The drive comes as ministers are seeking to crack down on illegal working in the UK, as part of efforts to deter those coming to the country illegally.
Immigration enforcement was handed £5m to arrest, detain and remove migrants working illegally at sites such as takeaways, beauty salons and car washes.
Elsewhere, data shows there were 8,232 arrests of illegal workers in the year to September, up 63% on 5,043 in the previous 12 months.
But, in rather confusing messaging, Shabana Mahmood, the home secretary has also given an interview to the BBC where she confirmed that her department is still not functioning properly. In 2006 John Reid, another Labour cabinet minister appointed home secretary on the assumption that he would be more hardline than his predecessor, famously said the department was “not fit for purpose”. Almost 20 years on, the description still applies, Mahmood said.
She told the BBC:
I’ve already said the Home Office is not yet fit for purpose …
The most recent report [written by Tory MP Nick Timothy] was very familiar to me in the sense of what I’ve seen just in the few weeks I’ve been in this job. It’s obviously a department that has a range of problems, whether that’s procuring contracts, whether that is holding on to senior staff, it obviously deals with emergency and crises issues on a regular basis, and I think over a long period of time has been found not to be able to rise to the scale of the challenge of those crises.
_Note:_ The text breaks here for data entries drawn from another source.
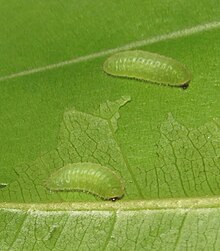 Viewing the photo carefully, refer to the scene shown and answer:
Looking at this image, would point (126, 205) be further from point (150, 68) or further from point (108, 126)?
point (150, 68)

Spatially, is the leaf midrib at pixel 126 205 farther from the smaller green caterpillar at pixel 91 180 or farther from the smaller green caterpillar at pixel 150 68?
the smaller green caterpillar at pixel 150 68

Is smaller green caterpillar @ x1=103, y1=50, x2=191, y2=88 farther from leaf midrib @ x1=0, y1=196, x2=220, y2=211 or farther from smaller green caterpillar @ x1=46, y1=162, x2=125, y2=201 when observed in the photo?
leaf midrib @ x1=0, y1=196, x2=220, y2=211

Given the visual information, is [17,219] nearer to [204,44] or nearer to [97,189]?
[97,189]

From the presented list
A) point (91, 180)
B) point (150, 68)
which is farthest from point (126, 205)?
point (150, 68)

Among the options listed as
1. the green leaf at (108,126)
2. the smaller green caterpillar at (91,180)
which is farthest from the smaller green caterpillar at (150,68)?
the smaller green caterpillar at (91,180)

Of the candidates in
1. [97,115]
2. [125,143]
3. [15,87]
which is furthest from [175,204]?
[15,87]

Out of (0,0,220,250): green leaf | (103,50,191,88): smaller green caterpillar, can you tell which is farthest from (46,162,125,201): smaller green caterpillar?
(103,50,191,88): smaller green caterpillar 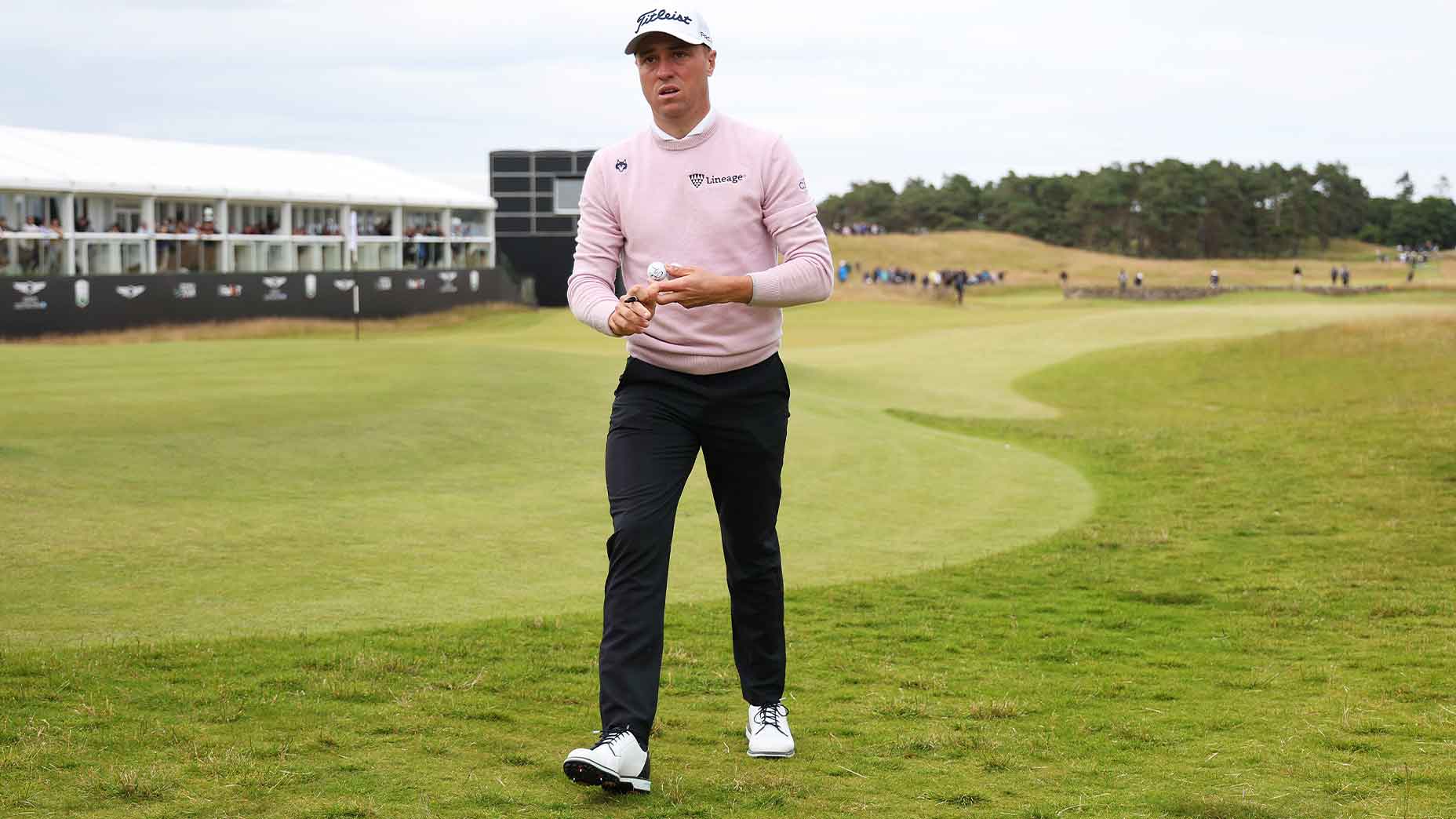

Mahmood was referring to this report by Timothy, an adviser to Theresa May when she was home secretary, and her response to it.
Here is the agenda for the day.
9.45am: Lord Hermer, the attorney general, and Darren Jones, the Cabinet Office minister, give evidene to the joint committee on national security strategy on the China spy prosecution that collapsed.
10am: The Reform UK Lee Anderson and Zia Yusuf, the party’s head of policy, speak at a press conference. It is the third press conference the party has held this week.
10.45am: John Swinney, Scotland’s first minister, speaks at the IPPR Scotland conference. Anas Sarwar, the Scottish Labour leader, is speaking at 12.30pm.
Noon: Keir Starmer faces Kemi Badenoch at PMQs.
After 12.30pm: Nigel Farage, the Reform UK leader, is using the 10-minute rule procedure to propose a bill to take the UK out of the European convention on human rights. Another MP is likely to give a speech opposing the bill, and there is likely to be a vote.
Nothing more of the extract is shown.